Companies are digging deeper, spawning ideas and working to help expand technology in the construction industry to get homes built with tech integrated from the ground up. Just like solar and energy-efficient materials are becoming regular new-home construction features, soon technology will be a built-in amenity. Part of that process is to get the construction industry online and caught up technologically so that it can go forward with futuristic plans.
Turner Construction earlier this year, took home a top national safety award from the Associated Builders and Contractors in Memphis, Tennessee. The company says it is working hard to take advantage of opportunities that are available without losing sight of what the future may bring. “A key element of our company vision is to develop and embrace emerging technologies and processes,” the company said in a statement. Turner’s executive vice president, Pat Di Filippo, attributes the company’s successes and ability to meet challenges to the adoption of lean practices. “Lean is not just a process, it is a guide to treating people well on the job,” he said.
Hazard Mitigation Strategies
The United States continues to be a global leader in science and technology. However, new technologies are still wrought with challenges. As infrastructure gains investments and partnerships, standards and codes for safety will also reflect changes made that come with improvements and innovations. The American National Standards Institute (ANSI) and the National Institute of Standards and Technology (NIST) recently held discussions on codes and standards and the organizations’ roles in supporting strong, practicable, and resilient twenty-first century infrastructure solutions.

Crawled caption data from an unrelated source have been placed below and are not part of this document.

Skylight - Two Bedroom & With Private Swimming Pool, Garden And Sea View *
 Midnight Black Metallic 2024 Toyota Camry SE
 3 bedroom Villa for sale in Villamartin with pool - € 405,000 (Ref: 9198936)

At the World Standards Day event in June 2018, Ryan Colker of the National Institute of Building Sciences said there are financial benefits of early hazard mitigation. He said investing in mitigation reduces future federal obligations when a natural disaster strikes and that state and local governments should adopt and enforce the latest building codes. ANSI Chairman of the Board Russ Chaney agreed and spoke on the importance of public-private partnerships and up-to-date standards and codes to move improvements and innovations forward.
Carbon fiber materials, cross-laminated timber, and productivity monitoring are just a few ways technology is improving the construction industry in the office and on the jobsite. Enterprises in construction are boosting Environmental Health and Safety programs through information technology and modern safety best practices.
Data is driving change to create more efficient opportunities for training and safety education. A recent Pew Research Center report shows about 77 percent of Americans own a smartphone. With more mobile opportunities, employees can consume key safety training content through easily downloadable information. Jobsite construction workers can gain a better understanding of how modern methods of construction perform. For example, EHS managers can now send an employee a link to gain quick access to jobsite safety tips. Employers can provide instructions on completing new tasks and warn of potential hazards through up-to-date educational materials and informative signs and labels. For even faster results and unique applications, companies have access to portable and innovative industrial labeling machines. Through these tips and more, construction industry professionals can stay on top of safety and technology trends, and reap the rich rewards of technology.